Up until this flight of Falcon Heavy, officially, SpaceX could not fully deliver a satellite to [nearly circular] GEO (Geosynchronous Earth Orbit), but only to a [highly elliptical] GTO (Geosync Transfer Orbit) that expects the payload to circularize its own orbit once at the appropriate altitude.
This consumes fuel, and fuel for station keeping is one of the major determinants of satellite lifespan. Time is money, therefore the fuel required to get from GTO to GEO itself costs money.
Now many GEO operators are ok with this added cost, when they get a reduced launch cost overall, but it is a real factor.
The Department of Defense (DoD) has 8 reference orbits, of which direct insertion to GEO is one of them, and in order to compete with the Delta 4 Heavy for such launches, SpaceX needs to demonstrate that they can boost a payload to that orbit.

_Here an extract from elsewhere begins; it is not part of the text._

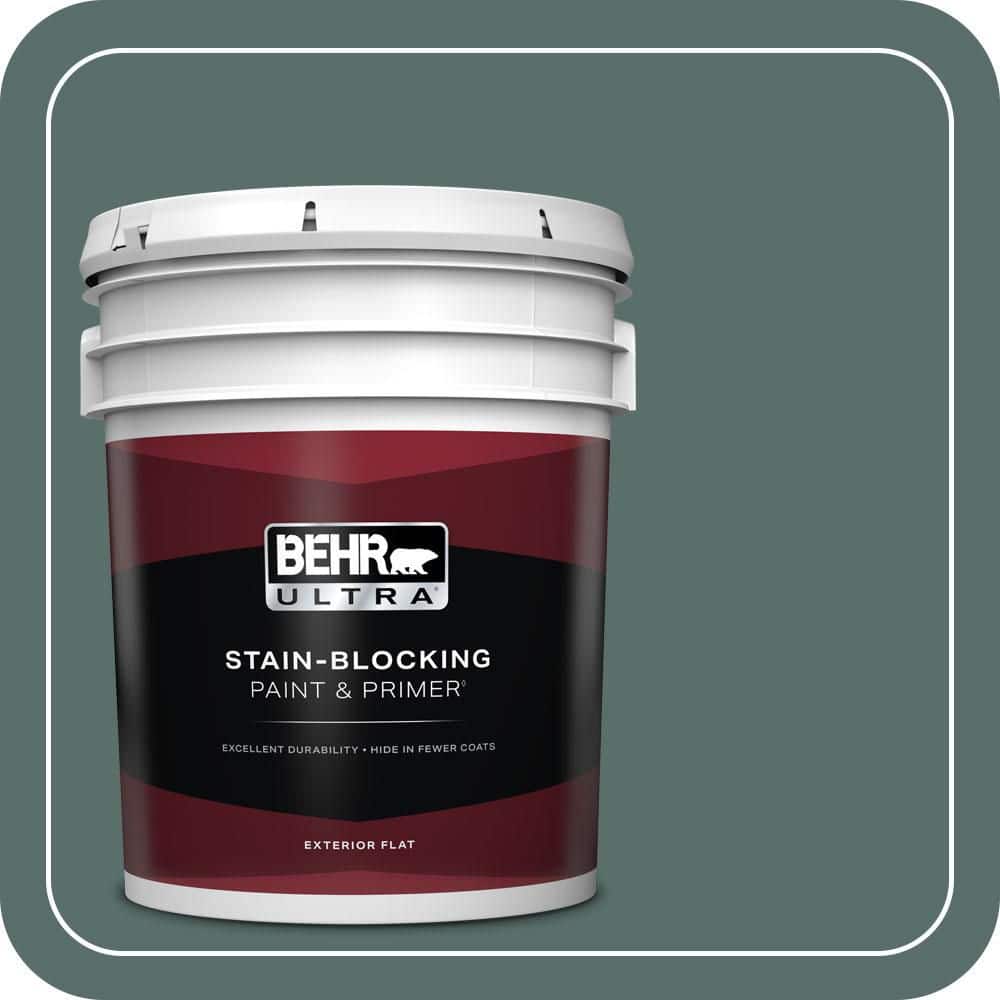 BEHR ULTRA 5 gal. #490F-6 Agave Frond Flat Exterior Paint & Primer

Getting to GEO direct, requires a coast phase after the initial orbital insertion, (as I've discussed in more detail in this answer). That is, first and second stage deliver the payload to orbit, and then a few hours later a second burn is initiated that finalizes the GEO orbit. One of the problems with the coast phase is radiation, another is the cold and lines freezing (which happened before to a Falcon 9 upper stage test).
The first Falcon Heavy flight was a demonstration flight testing many aspects. This can be seen in the loss of the center core due to lack of TEA-TEB ignitor fluid. They knew how much it takes to reignite the needed engines, and were clearly pushing the lower end of required ignitor and estimated low.
Thus this was just one more way to get some value out of a test flight. The payload was a media extraveganza and hilarious. The mission was a success. The second stage was able to test GEO orbit insertion. The center core test did not succeed, but it sets a lower level and now they have more information, that they did not have before.